Profound Logic Software
Profound UI is an enhancement for RPG based on IBM's RPG Open Access that offers direct generation of UIs within RPG. The product offers point-and-click tools for building browser interfaces that can then be integrated with new or legacy applications for the IBM i.
Red Hat Mobile Application Platform supports an agile approach to developing, integrating, and deploying enterprise mobile applications based on existing native, hybrid, or browser-based apps. The platform also offers central control of security and policy management, collaborative development, and a choice of cloud deployment options. The product features Mobile Backend-as-a-Service, which securely integrates mobile apps with core enterprise systems, applications, and other services via APIs.
The LegaSuite Portfolio offers a suite of tools for converting System i apps to the Web or mobile devices, integrating those apps into multiplatform and SOA environments, translating text to and from various national languages, and building Web enhancements such as dashboards and reports drawn from multiple sources.
Surround Technologies' Accelerator suite consists of three applications that can be used for modernizing IBM i applications: Accelerator for IBM i Silverlight, Accelerator for IBM i Windows Presentation Foundation, and Accelerator for IBM i HTML 5. The first works with Microsoft Silverlight, a plug-in tool for the .NET framework that helps developers create and deliver RIA applications and media experiences.
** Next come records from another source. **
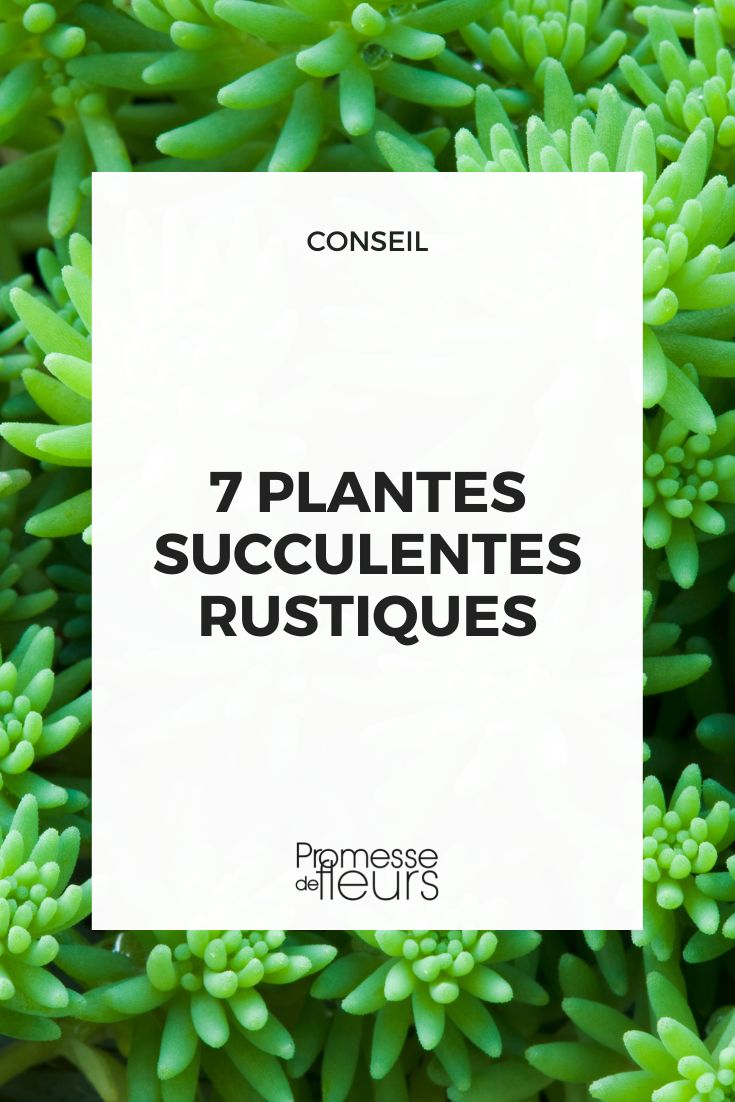 7 orelhas-de-porco rústicas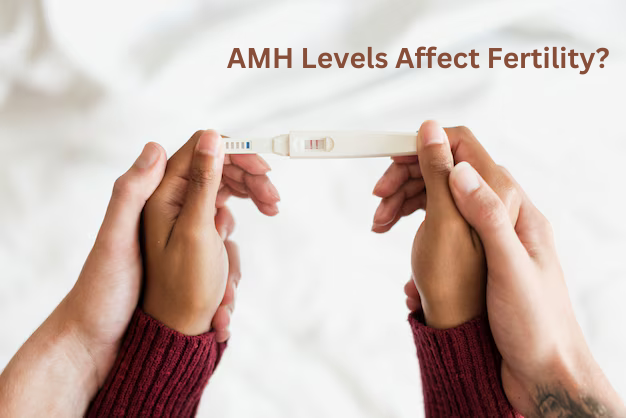 AMH Levels Affect Fertility?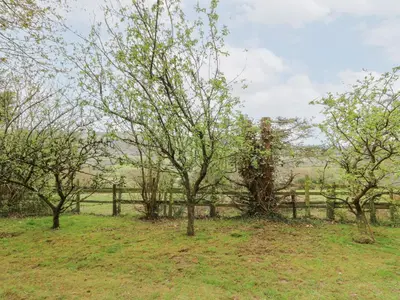a group of trees in front of a fence at Bryn yr Haf in Llanfair Clydogau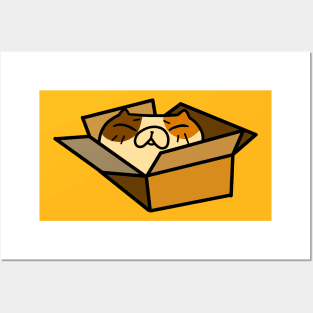 Chubby Calico Tiny Box Posters and Art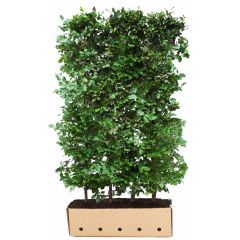 Kant & klaar haag Fagus sylvatica 200 x 100 cm breed Groene beuk Quickhedge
Accelerator for IBM i Windows Presentation Foundation works with the MS WPF of .NET to generate documents, media, two- and three-dimensional graphics, animations, Web-like characteristics, and more. The third application works with HTML 5, used for structuring and presenting Web content.
JACi400 is a suite of software tools that helps developers modernize existing applications, construct new server-based applications, and build new (or convert older) applications that run over the Web. It generates source in COBOL and all versions of RPG, generates HTML for Web apps, includes new-app deployment tools, and includes HTML objects such as checkboxes and radio buttons.
TEMBO Technology Lab
AO Foundation automates the migration of all legacy (ISAM or DDS) databases to the latest DDL (SQL/SQE) implementation of DB2 on IBM i. Representing a different approach to modernization than UI alterations, AO Foundation can support application modernization efforts for years to come by restructuring databases to support both existing and future technologies.